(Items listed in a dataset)

▼▼▼

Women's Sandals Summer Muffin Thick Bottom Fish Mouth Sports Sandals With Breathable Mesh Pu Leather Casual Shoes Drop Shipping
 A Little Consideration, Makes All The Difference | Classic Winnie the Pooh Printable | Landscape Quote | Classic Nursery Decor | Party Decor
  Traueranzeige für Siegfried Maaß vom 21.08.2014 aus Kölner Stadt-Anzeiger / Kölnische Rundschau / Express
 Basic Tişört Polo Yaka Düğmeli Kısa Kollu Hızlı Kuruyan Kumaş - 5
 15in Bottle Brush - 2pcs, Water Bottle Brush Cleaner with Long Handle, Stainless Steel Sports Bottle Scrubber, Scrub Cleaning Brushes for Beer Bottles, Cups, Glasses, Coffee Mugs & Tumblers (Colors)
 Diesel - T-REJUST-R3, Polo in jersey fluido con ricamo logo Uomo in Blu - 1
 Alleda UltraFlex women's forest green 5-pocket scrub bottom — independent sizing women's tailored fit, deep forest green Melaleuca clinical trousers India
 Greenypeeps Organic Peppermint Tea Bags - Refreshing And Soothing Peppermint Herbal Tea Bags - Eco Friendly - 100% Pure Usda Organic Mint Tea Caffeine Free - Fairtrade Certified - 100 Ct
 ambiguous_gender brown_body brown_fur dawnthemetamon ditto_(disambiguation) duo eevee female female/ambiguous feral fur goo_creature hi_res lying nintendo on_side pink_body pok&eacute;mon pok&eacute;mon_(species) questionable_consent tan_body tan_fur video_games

▲▲▲

Exercise:
From the first line of the data through the line with "A Little Consideration, Makes", quote each line exactly and add nothing else.

Output:
Women's Sandals Summer Muffin Thick Bottom Fish Mouth Sports Sandals With Breathable Mesh Pu Leather Casual Shoes Drop Shipping
 A Little Consideration, Makes All The Difference | Classic Winnie the Pooh Printable | Landscape Quote | Classic Nursery Decor | Party Decor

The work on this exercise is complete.